Content-Specific Queries
✅ "Find documents containing database schema definitions"
✅ "Show me files with API endpoint documentation"
✅ "Search for configuration files with rate limiting settings"
2. Filter Optimization
File Size Filtering
{
"attachment_filter": {
"file_size_min": 1024, // Exclude tiny files
"file_size_max": 52428800 // Exclude files larger than 50MB
}
}
Author Filtering
{
"attachment_filter": {
"author": "architecture-team" // Specific team
}
}
3. Performance Optimization
Limit File Types
{
"attachment_filter": {
"file_type": "pdf", // Only search specific types
"attachments_only": true // Skip parent document content
}
}
Control Result Size
{
"limit": 5 // Fewer results for faster response
}
🎨 Result Interpretation
Understanding Attachment Results
File Information
📄 api-documentation.pdf (2.3 MB)
├── 📊 Metadata
│ ├── Author: technical-writing-team
│ ├── File Type: application/pdf
│ └── Size: 2.3 MB
├── 🔍 Content Preview
│ └── "This document provides comprehensive API documentation..."
├── 📁 Parent Context
│ ├── Document: API Reference Guide
│ └── Section: Complete API Documentation
└── 🔗 Related Files
├── api-examples.json
├── postman-collection.json
└── api-changelog.md
Similarity Scoring
Attachment search uses specialized similarity scoring:
Content Similarity: 0.89 (text content match)
Metadata Similarity: 0.76 (file properties match)
Context Similarity: 0.82 (parent document relevance)
Overall Score: 0.85 (weighted combination)
Quality Indicators
High-Quality Results
- High content similarity (>0.8)
- Rich metadata (author, creation date, etc.)
- Clear parent context (well-documented source)
- Appropriate file size (not too small or large)
Lower-Quality Results
- Low content similarity (<0.6)
- Missing metadata (unknown author, no dates)
- Orphaned files (no clear parent context)
- Unusual file sizes (very small or very large)
🔗 Integration with Other Search Tools
Combining Search Strategies
1. Start with Semantic Search
Query: "deployment procedures"
→ Find general documentation about deployment
2. Use Attachment Search for Details
Query: "deployment scripts and configurations"
Parameters: {
"attachment_filter": {
"file_type": "yaml"
}
}
→ Find specific implementation files
3. Use Hierarchy Search for Context
Query: "deployment documentation structure"
→ Understand how deployment docs are organized
Multi-Tool Workflow
1. Semantic Search: "API authentication methods"
→ Understand authentication concepts
2. Attachment Search: "authentication configuration files"
→ Find implementation details
3. Hierarchy Search: "authentication documentation structure"

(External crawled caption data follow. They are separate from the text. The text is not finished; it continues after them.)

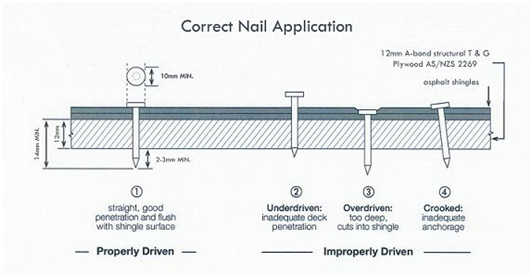 Correct nail installation - Galvanised oversized clout nails driven flush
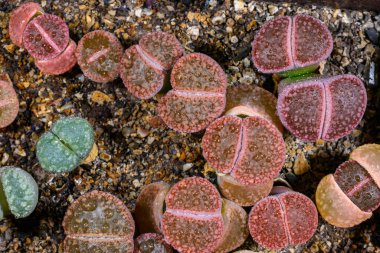 Mesembs Lithops sp. -  South African plant from Namibia in the botanical collection of super succulent plants clipart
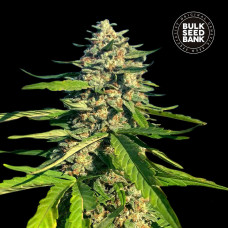 Critical Mass CBG feminised (Bulk Seed Bank)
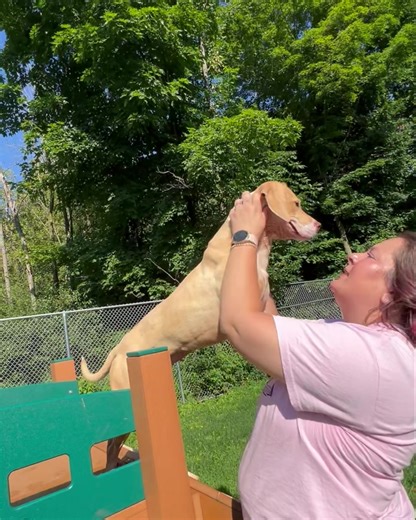 Today we would like to showcase Lottie! This snuggle bug of a girl was found wandering around outside, for weeks she had been roaming and when she was finally caught and brought to the shelter no one claimed her…we just can’t figure out why! Lottie is the sweetest and most affectionate dog and she so longs for a family to spoil her! 🩷🐾🐶 Lottie’s adoption fee is reduced through July 31st thanks to the BISSELL Pet Foundation Empty the Shelters Event. Let’s find Lottie a home! | Delta Animal She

→ See how auth docs are organized
4. Attachment Search: "authentication examples and code"
→ Find practical examples
🔗 Related Documentation
- MCP Server Overview - Complete MCP server guide
- Search Capabilities - All search tools overview
- Hierarchy Search - Document structure navigation
- Setup and Integration - MCP server setup
📋 Attachment Search Checklist
- [ ] Understand file types in your knowledge base
- [ ] Use file-type specific queries for targeted search
- [ ] Apply appropriate filters (size, author, file type)
- [ ] Include parent context for complete understanding
- [ ] Check file metadata for quality and relevance
- [ ] Combine with other search tools for comprehensive results
- [ ] Optimize performance with appropriate limits
Unlock the hidden knowledge in your files! 📎
Attachment search reveals the wealth of information stored in your files - from detailed specifications in PDFs to data insights in spreadsheets to visual knowledge in diagrams. By understanding how to search and interpret file attachments, you can access the complete picture of your knowledge base.